"Biden souhaite redevenir le leader de ce qu'on pourrait appeler le monde libre"

  • A
  • A
g7 biden 8:41
Le G7 est l'occasion pour Biden d'afficher sa proximité avec ses alliés. © Jonny Weeks / POOL / AFP
Partagez sur :
Joe Biden participe ce week-end à son premier G7, il va aussi participer à un sommet de l'Otan et rencontrer Vladimir Poutine. Nicole Bacharan, spécialiste des Etats-Unis, analyse pour Europe 1 la dynamique qu'il porte et le rôle qu'il entend jouer dans le concert des nations ainsi que les points de friction, notamment sur la question chinoise.

"L'Europe est sa priorité pour sa diplomatie mondiale". Pour Nicole Bacharan, politologue, spécialiste des Etats-Unis, le fait que Joe Biden réalise son premier voyage à l'étranger en Europe envoie un signal clair. Son slogan "America is back" est aussi à destination de ses alliés qui peuvent compter sur lui. Pour autant, l'Europe et les Etats-Unis ne sont pas d'accord sur tout. Pour elle, la question chinoise est "le dossier le plus épineux dans ces rencontres américano-européennes", notamment du G7.

Leadership ou partenariat des Etats-Unis ?
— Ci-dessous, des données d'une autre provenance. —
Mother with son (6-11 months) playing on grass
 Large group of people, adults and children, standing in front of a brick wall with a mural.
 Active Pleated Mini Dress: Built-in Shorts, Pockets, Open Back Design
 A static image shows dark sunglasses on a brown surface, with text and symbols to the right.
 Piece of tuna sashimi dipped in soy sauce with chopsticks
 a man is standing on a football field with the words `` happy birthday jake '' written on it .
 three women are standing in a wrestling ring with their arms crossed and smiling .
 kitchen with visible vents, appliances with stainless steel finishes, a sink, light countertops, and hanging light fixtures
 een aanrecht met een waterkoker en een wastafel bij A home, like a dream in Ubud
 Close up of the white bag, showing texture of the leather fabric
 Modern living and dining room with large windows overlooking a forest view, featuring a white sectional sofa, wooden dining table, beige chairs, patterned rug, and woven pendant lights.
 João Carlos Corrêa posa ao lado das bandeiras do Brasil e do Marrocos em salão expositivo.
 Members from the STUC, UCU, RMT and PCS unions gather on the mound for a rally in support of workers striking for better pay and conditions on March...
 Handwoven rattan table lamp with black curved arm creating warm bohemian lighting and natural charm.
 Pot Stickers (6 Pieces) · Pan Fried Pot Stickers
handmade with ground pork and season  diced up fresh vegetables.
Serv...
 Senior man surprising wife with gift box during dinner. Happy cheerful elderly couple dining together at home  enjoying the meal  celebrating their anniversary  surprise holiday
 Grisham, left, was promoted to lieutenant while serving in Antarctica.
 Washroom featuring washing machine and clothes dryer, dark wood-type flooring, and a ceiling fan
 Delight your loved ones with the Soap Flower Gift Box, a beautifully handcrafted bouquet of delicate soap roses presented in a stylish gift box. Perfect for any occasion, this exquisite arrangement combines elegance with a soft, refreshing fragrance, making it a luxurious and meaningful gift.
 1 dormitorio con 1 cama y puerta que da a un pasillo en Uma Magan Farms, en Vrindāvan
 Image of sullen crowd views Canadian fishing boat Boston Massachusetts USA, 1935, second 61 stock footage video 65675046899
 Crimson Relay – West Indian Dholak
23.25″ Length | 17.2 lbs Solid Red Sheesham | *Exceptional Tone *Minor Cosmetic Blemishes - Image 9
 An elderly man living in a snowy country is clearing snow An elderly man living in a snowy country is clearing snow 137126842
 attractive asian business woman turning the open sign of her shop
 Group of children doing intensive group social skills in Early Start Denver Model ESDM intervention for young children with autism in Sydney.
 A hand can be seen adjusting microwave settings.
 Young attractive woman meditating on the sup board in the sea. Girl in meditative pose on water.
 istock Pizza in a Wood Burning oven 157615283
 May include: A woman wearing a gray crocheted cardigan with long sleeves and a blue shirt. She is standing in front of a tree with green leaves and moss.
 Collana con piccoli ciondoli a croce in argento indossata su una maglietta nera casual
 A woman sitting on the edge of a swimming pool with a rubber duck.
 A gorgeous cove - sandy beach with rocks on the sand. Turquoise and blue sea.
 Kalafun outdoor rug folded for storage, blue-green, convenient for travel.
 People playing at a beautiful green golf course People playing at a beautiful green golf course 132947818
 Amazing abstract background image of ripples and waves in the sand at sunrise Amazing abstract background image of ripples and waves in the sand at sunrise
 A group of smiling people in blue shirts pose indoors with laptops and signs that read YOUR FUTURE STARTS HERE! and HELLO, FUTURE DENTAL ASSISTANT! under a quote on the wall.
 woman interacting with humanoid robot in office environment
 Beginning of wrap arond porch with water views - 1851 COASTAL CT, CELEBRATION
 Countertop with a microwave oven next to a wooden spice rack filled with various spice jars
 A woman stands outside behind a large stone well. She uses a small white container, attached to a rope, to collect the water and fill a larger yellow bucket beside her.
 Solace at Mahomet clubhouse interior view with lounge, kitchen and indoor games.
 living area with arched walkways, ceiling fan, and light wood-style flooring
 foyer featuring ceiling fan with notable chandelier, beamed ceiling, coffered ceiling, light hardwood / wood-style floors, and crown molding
Comme le confirme Nicole Bacharan, "Biden, au contraire de Trump, d'Obama et même de George Bush, aime ces sommets internationaux. Il connaît tout le monde. Il aime la discussion, les poignées de main et les tapes dans le dos mais il est ferme dans ses positions". 

Les points d'accord sont tout de même nombreux. "Grosso modo, on est d'accord sur le climat, sur la vaccination mondiale. On sait qu'il faut améliorer les accords commerciaux, mais la vision de la Chine, elle, diffère", résume la politologue. Reste également le rapport entre l'Europe et les Etats-Unis. Biden "souhaite redevenir le leader de ce qu'on pourrait appeler le monde libre. Les Européens parlent plus de coopération que de leadership sur la Chine".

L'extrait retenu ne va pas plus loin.